* [Records for the exercise]:
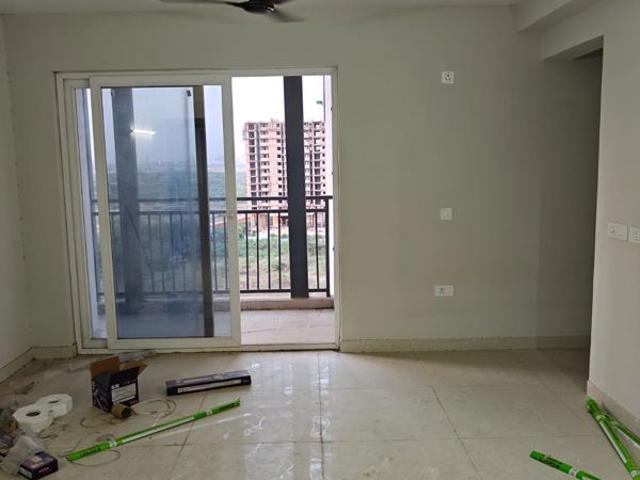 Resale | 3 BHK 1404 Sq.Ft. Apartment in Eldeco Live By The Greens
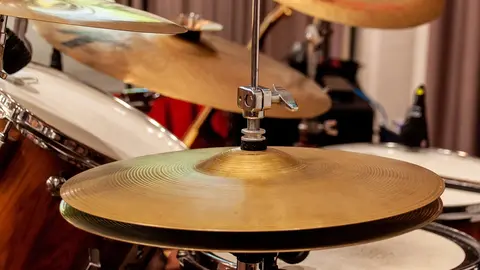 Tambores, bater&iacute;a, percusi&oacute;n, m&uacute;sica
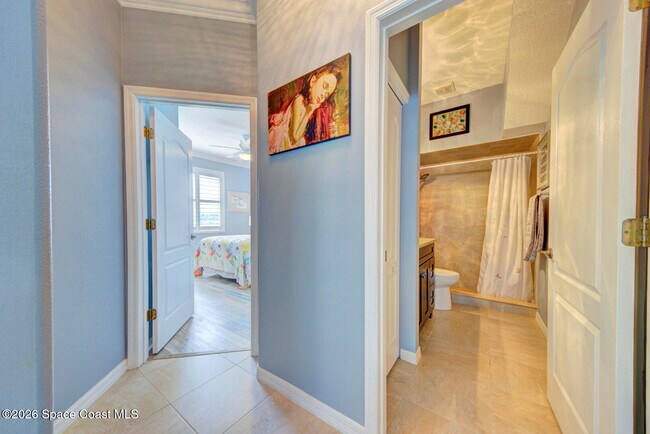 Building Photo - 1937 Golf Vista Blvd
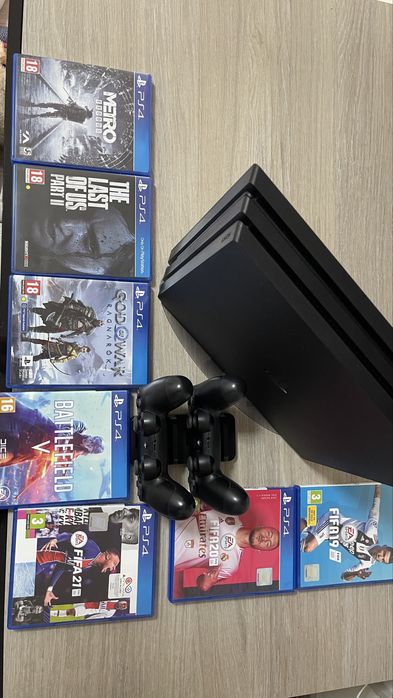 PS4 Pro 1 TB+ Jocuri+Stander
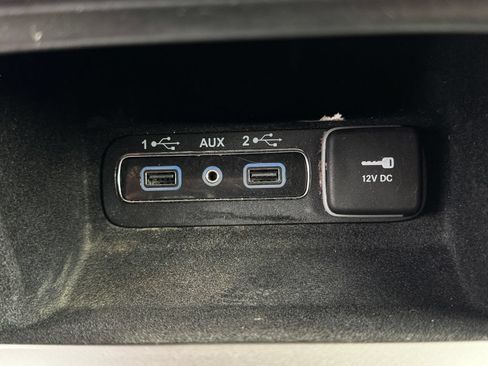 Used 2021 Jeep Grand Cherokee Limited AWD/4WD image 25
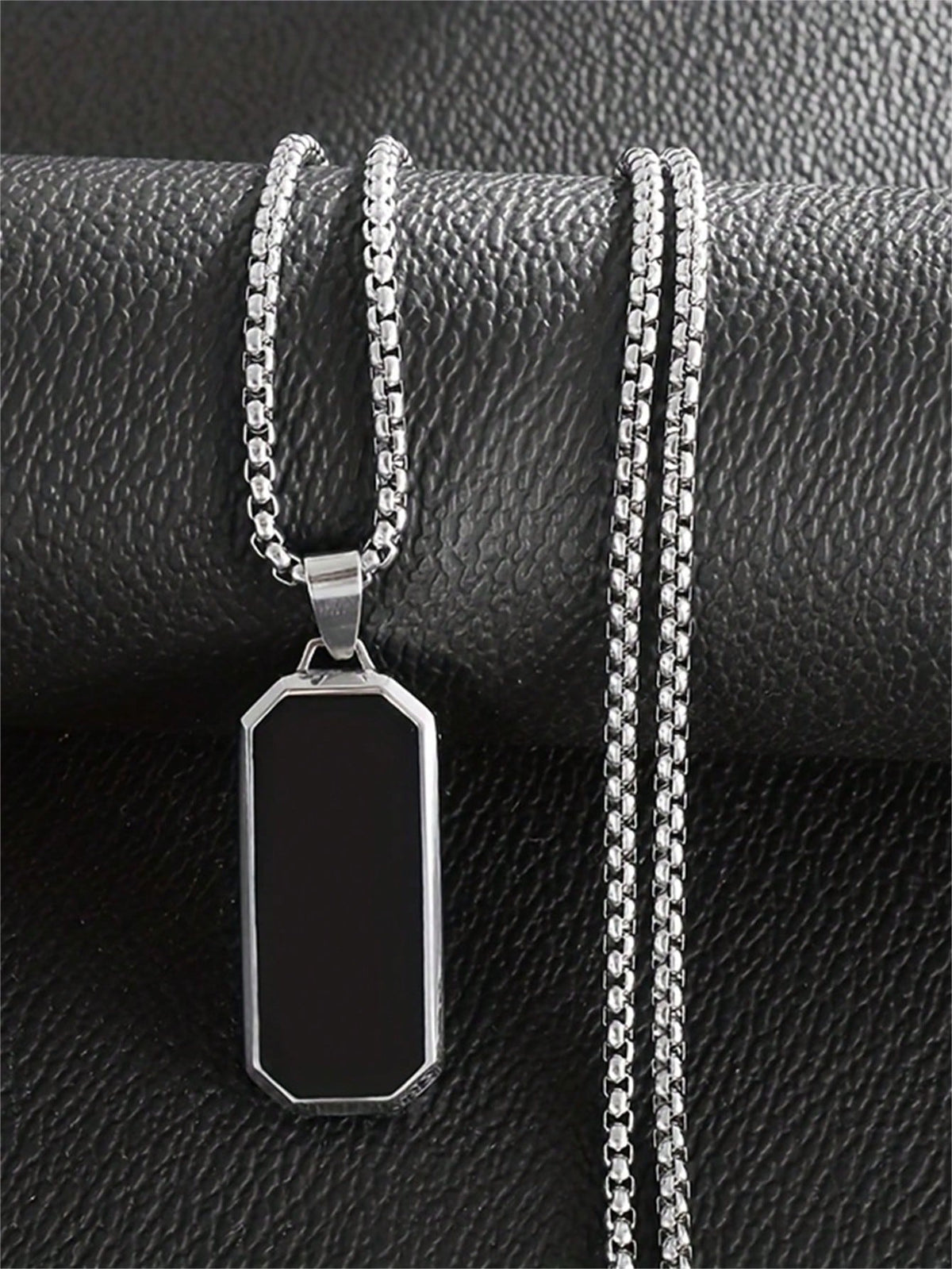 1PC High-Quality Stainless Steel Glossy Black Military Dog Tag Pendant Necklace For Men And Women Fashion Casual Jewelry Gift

* [Task to complete]:
Print the material above once more, exactly. No pictures belong in it.

* [Output below]:
 Resale | 3 BHK 1404 Sq.Ft. Apartment in Eldeco Live By The Greens
 Tambores, bater&iacute;a, percusi&oacute;n, m&uacute;sica
 Building Photo - 1937 Golf Vista Blvd
 PS4 Pro 1 TB+ Jocuri+Stander
 Used 2021 Jeep Grand Cherokee Limited AWD/4WD image 25
 1PC High-Quality Stainless Steel Glossy Black Military Dog Tag Pendant Necklace For Men And Women Fashion Casual Jewelry Gift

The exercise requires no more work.